• Data records
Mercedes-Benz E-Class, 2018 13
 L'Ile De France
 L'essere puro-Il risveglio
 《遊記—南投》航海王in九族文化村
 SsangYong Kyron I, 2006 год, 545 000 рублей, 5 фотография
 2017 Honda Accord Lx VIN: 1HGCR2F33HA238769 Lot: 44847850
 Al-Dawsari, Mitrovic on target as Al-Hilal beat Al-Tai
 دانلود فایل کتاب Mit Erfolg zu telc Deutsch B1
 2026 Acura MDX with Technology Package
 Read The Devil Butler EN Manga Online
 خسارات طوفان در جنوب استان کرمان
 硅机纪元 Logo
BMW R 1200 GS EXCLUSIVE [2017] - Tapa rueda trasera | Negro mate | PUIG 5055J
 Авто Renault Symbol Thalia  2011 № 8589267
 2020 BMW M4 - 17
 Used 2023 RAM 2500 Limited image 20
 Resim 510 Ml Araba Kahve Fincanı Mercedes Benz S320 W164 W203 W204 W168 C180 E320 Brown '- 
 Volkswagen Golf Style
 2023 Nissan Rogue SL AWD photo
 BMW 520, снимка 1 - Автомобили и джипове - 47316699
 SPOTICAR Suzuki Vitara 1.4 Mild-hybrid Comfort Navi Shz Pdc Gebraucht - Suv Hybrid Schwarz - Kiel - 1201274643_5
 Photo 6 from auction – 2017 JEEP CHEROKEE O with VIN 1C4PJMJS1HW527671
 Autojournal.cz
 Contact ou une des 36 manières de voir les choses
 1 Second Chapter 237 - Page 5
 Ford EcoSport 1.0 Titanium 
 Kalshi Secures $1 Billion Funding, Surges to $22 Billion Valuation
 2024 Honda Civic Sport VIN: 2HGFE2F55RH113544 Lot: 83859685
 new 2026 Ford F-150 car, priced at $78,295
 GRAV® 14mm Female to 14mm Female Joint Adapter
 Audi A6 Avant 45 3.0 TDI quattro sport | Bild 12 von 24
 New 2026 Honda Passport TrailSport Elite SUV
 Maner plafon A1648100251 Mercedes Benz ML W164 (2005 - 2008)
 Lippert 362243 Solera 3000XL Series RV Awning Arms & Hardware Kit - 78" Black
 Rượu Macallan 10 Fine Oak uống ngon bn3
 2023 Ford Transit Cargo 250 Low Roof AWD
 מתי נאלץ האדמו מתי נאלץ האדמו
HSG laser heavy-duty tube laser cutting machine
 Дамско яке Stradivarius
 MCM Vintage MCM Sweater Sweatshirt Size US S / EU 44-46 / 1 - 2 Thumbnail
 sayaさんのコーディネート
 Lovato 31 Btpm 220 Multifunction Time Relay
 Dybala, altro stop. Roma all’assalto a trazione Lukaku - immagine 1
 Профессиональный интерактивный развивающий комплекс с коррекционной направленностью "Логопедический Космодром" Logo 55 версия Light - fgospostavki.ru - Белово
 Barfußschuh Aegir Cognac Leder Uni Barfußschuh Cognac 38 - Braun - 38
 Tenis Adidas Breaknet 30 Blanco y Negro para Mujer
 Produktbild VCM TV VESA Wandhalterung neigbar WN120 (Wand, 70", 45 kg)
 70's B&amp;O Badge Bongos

• What is expected
In the listing, find every line containing the word "Benz" and list it.

• Reply to the exercise
Mercedes-Benz E-Class, 2018 13
 Resim 510 Ml Araba Kahve Fincanı Mercedes Benz S320 W164 W203 W204 W168 C180 E320 Brown '- 
 Maner plafon A1648100251 Mercedes Benz ML W164 (2005 - 2008)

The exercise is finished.